• Your objective: Make a word-for-word copy of the entries below from their first line through the line with "Statue of a fish pointed upward", and add nothing.

• Entries supplied:
....

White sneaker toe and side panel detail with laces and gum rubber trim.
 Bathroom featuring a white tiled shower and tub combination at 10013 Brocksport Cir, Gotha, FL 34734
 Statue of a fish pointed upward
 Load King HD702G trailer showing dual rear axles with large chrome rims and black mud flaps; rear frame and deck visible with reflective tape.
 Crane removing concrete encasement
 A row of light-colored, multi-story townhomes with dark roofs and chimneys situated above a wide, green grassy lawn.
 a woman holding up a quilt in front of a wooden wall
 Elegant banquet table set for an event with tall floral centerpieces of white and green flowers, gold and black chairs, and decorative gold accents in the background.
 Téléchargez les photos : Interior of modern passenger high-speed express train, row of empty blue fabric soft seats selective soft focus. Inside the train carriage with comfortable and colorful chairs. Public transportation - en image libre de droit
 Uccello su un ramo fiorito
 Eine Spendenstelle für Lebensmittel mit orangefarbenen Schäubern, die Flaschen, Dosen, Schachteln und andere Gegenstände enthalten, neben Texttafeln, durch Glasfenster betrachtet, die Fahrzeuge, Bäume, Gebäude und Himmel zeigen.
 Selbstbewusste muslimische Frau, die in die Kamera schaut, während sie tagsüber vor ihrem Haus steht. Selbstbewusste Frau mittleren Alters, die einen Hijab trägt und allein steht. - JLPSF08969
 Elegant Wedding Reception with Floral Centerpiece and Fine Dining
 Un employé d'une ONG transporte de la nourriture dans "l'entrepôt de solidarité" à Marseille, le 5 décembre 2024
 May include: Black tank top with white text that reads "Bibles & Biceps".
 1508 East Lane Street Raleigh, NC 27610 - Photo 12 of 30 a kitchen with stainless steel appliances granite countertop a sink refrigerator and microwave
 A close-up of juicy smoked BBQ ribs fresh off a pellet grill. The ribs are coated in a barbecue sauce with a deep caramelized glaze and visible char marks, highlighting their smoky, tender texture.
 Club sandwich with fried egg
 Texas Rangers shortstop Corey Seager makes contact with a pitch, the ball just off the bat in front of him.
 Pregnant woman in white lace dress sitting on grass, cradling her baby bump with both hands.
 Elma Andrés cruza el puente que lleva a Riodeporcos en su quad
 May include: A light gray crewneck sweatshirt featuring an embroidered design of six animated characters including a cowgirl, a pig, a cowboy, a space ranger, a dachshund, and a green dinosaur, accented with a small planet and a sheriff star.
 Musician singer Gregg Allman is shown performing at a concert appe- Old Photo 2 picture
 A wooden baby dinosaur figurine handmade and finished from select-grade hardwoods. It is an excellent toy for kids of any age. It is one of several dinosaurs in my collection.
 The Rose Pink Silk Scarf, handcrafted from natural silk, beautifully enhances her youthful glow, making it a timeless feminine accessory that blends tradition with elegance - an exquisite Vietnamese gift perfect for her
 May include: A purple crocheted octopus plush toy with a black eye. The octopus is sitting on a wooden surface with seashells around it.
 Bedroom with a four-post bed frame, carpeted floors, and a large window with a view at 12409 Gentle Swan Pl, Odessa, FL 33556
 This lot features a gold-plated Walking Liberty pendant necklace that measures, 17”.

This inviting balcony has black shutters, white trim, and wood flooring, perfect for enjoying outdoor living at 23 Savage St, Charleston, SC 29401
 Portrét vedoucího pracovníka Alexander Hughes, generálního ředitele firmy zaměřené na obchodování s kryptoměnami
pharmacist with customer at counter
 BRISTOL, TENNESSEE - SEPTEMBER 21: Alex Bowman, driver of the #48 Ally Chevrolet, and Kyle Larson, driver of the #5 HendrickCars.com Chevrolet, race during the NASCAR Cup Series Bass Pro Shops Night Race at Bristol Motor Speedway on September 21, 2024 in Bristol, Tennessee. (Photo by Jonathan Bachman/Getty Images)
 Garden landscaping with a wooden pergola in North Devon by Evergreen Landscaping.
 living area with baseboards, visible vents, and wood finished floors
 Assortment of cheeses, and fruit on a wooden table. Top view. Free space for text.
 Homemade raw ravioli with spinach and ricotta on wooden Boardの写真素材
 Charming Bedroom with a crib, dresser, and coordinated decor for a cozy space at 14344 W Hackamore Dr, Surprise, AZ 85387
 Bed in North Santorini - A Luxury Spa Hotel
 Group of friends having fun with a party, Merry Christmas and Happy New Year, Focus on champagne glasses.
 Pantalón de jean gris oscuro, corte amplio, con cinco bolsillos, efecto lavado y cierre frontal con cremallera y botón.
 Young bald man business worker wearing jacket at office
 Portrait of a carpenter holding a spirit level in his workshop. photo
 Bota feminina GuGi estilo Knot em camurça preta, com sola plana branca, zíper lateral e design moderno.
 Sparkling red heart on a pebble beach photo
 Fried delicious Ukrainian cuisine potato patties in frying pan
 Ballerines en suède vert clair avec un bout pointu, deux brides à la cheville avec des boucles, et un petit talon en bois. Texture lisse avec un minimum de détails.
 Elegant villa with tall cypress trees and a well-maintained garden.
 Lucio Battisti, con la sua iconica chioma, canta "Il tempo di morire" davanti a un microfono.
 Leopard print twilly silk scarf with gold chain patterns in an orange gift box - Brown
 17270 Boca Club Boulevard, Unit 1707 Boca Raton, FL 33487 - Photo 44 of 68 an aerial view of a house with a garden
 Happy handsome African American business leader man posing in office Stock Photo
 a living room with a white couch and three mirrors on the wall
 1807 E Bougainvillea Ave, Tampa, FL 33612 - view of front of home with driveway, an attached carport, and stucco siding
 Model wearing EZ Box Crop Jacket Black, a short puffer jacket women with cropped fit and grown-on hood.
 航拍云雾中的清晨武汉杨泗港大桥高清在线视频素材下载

....

• Answer for this exercise:
White sneaker toe and side panel detail with laces and gum rubber trim.
 Bathroom featuring a white tiled shower and tub combination at 10013 Brocksport Cir, Gotha, FL 34734
 Statue of a fish pointed upward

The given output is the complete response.